* INSTRUCTIONS FOR THE TASK *
Print, exactly as written, the line containing "Pure Plant Protein - Chocolate Erin Chaos" and every line after it, ending with the final line of the data below.

Source records

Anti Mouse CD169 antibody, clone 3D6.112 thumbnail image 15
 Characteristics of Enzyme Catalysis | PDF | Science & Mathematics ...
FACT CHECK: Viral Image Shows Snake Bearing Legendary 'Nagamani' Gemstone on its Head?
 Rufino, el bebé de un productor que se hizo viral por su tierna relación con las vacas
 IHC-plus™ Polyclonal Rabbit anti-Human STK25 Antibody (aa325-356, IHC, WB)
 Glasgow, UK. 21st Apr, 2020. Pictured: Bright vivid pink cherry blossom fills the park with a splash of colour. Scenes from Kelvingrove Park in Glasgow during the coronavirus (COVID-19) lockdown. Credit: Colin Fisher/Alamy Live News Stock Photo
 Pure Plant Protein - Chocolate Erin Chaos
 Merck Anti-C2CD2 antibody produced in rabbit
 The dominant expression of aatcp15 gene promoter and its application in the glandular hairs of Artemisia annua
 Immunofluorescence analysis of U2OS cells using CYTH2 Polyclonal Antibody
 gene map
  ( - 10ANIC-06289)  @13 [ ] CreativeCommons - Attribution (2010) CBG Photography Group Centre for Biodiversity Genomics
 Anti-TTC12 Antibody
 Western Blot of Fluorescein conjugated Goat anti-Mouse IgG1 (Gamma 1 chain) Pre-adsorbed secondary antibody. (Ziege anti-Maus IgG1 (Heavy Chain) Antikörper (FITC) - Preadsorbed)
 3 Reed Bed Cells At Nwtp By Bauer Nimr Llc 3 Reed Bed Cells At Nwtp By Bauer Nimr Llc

* TASK RESPONSE *
 Pure Plant Protein - Chocolate Erin Chaos
 Merck Anti-C2CD2 antibody produced in rabbit
 The dominant expression of aatcp15 gene promoter and its application in the glandular hairs of Artemisia annua
 Immunofluorescence analysis of U2OS cells using CYTH2 Polyclonal Antibody
 gene map
  ( - 10ANIC-06289)  @13 [ ] CreativeCommons - Attribution (2010) CBG Photography Group Centre for Biodiversity Genomics
 Anti-TTC12 Antibody
 Western Blot of Fluorescein conjugated Goat anti-Mouse IgG1 (Gamma 1 chain) Pre-adsorbed secondary antibody. (Ziege anti-Maus IgG1 (Heavy Chain) Antikörper (FITC) - Preadsorbed)
 3 Reed Bed Cells At Nwtp By Bauer Nimr Llc 3 Reed Bed Cells At Nwtp By Bauer Nimr Llc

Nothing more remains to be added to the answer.